PARIS -- Renault's revenue and profits fell in 2018, hit by collapsing diesel sales, exchange-rate setbacks and a withdrawal from the Iranian market.
Revenue fell 2.3 percent to 57.42 billion euros ($64.7 billion), while recurring operating profit dropped 6.3 percent to 3.61 billion, for a 6.3 percent operating margin, the company said in a statement Thursday thet reported annual earnings.
Net income came in at 3.3 billion euros, down sharply from the 5.31 billion recorded in 2017.
Excluding currency effects, revenue would have risen 2.5 percent, Renault said.
"2018 was clearly a challenging year in which we faced expected as well as unexpected difficulties," new CEO Thierry Bollore said. The results "demonstrate the group's resilience," he said.
Renault said sales to partners including Nissan fell by 946 million euros ($1.1 billion) in 2018, reflecting collapsing diesel demand. A further negative impact is expected this year, the company said.
Nissan's contribution to Renault earnings came in at 1.51 billion euros, a 46 percent decline from 2017 when Nissan's profit was inflated by one-off gains.

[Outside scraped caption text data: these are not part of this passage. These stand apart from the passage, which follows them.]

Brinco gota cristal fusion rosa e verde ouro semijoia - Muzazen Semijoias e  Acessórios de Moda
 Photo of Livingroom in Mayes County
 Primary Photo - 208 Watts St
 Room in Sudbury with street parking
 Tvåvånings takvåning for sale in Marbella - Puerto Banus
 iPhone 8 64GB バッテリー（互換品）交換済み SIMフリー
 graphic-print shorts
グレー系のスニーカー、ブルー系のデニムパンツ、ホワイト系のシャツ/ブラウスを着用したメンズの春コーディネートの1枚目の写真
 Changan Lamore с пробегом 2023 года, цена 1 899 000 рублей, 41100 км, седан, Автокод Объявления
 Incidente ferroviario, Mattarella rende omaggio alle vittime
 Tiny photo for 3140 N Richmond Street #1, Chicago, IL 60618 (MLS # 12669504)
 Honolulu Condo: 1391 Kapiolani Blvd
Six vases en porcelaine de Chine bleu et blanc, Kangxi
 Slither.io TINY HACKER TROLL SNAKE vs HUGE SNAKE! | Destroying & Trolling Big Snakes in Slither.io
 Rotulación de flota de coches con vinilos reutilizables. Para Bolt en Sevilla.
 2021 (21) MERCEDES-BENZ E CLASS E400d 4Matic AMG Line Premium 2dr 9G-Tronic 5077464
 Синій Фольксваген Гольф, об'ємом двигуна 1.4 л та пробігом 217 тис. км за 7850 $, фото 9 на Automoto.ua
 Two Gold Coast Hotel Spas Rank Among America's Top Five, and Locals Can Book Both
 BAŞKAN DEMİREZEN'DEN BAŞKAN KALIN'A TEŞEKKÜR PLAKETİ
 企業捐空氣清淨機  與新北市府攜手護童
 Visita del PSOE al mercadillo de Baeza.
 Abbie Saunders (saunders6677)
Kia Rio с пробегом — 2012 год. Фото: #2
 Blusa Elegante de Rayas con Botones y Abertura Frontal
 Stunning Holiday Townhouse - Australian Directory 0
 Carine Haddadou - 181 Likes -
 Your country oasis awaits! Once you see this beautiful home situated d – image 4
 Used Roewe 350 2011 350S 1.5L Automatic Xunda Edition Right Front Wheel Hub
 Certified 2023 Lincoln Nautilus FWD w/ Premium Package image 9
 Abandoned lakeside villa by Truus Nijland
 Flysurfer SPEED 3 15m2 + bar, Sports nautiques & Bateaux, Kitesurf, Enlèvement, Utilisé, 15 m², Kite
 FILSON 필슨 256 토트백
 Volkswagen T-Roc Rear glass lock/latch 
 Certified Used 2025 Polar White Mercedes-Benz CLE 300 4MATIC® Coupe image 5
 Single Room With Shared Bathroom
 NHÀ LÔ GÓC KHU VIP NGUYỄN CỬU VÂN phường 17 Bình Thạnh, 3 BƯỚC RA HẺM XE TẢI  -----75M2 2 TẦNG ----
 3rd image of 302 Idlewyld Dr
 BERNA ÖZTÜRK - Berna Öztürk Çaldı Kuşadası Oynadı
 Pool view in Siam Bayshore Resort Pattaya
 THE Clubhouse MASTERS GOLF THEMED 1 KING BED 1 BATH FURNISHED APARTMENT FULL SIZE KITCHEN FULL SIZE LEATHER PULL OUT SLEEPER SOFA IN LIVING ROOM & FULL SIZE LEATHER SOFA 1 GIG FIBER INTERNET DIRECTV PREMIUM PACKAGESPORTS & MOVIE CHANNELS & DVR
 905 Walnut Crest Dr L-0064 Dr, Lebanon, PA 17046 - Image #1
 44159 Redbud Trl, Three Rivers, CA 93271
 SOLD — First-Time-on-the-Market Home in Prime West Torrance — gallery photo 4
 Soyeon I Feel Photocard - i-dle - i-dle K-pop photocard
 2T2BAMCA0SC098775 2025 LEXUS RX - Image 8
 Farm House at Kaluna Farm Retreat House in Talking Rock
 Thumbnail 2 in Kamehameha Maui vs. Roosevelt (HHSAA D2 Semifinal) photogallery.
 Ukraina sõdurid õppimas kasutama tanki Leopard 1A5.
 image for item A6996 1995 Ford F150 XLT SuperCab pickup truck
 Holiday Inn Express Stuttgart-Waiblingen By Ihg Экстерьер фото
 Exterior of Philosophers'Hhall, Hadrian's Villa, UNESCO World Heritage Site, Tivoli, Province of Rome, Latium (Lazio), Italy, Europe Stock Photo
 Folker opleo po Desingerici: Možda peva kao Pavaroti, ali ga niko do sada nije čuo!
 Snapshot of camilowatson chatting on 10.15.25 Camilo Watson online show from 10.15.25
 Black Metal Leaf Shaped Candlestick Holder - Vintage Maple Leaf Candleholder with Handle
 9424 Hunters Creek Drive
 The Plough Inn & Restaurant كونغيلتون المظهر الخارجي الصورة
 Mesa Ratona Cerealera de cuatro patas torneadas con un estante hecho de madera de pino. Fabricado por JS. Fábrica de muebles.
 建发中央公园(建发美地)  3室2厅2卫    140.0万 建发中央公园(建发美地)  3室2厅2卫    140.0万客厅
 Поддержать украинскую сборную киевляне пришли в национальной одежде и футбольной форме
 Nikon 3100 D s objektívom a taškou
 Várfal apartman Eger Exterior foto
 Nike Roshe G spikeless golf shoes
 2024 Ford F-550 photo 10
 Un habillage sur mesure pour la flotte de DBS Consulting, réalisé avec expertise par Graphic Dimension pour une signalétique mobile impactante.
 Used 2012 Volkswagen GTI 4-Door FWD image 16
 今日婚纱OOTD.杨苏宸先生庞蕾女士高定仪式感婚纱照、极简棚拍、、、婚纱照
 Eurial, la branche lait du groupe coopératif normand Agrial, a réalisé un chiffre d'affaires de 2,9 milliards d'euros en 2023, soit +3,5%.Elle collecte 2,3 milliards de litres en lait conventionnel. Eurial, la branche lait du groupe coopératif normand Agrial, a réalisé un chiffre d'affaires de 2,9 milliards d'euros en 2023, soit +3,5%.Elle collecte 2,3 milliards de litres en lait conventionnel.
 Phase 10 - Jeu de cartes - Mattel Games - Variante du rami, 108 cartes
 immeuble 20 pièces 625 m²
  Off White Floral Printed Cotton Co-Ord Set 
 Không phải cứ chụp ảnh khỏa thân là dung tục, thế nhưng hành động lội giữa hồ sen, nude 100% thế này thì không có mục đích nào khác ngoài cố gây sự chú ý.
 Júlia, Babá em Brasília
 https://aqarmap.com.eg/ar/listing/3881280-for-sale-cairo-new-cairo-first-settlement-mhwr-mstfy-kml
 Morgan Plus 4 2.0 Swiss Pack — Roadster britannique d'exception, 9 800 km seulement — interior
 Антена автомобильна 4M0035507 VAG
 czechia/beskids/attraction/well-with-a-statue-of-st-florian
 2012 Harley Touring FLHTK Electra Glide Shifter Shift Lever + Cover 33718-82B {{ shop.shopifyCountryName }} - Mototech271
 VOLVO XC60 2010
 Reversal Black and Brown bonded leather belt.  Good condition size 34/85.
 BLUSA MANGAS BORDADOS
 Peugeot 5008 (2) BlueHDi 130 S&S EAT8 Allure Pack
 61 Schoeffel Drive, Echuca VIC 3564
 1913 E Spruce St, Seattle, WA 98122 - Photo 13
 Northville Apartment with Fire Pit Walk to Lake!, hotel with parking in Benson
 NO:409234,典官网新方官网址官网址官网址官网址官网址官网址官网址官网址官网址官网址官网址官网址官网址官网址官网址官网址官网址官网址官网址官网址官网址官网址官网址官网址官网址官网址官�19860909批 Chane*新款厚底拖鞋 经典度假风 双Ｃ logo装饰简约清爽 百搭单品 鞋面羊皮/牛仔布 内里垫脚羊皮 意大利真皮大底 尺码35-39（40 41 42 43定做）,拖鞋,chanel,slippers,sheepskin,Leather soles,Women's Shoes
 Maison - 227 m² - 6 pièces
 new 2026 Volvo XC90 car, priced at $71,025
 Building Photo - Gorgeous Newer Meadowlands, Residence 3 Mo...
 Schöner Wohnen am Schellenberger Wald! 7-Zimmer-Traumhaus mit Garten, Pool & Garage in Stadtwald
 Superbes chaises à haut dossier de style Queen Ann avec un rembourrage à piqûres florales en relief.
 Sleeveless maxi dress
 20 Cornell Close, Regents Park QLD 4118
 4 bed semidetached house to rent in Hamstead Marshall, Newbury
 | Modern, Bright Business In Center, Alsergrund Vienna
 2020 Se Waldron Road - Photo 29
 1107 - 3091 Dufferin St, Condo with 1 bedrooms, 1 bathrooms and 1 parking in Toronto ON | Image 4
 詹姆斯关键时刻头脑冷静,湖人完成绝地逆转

Renault's own cost-saving efforts in purchasing and manufacturing contributed 421 million euros to profit, a 37 percent decline.
Renault set a weaker profit goal for 2019, citing exchange-rate challenges and market uncertainties. The company targeted profitability of "around 6 percent," compared with 6.3 percent in 2018.
Global and European car demand, except in the event of a no-deal Brexit, should be stable this year with growth in Russia and Brazil, Renault said.
A tougher business environment is adding to pressure on Renault and alliance partner Nissan to ease tensions in their two-decade old alliance forged by their former leader Carlos Ghosn, on top of a looming Brexit, record investments in electric cars and a slowing Chinese market.
Renault said on Wednesday it had blocked 30 million euros in deferred and severance pay to Ghosn, who had served as its CEO since 2005, and as chairman for almost a decade.
The automaker said it saw no need for any financial provisions in relation to the scandal and ongoing investigation into Ghosn's conduct and executive payments by Renault and the jointly owned Renault-Nissan BV alliance management company.
On Tuesday, Nissan took the unusual step of taking a 9.2 billion yen ($83 million) charge to reflect accumulated payments due to Ghosn. The move escalates the case against the former chairman after Tokyo prosecutors indicted Ghosn for allegedly understating his income at Nissan by tens of millions of dollars.
Renault’s new Chairman Jean-Dominique Senard is flying to Japan this week with a brief to mend relations as Nissan seeks to gain more control in the partnership.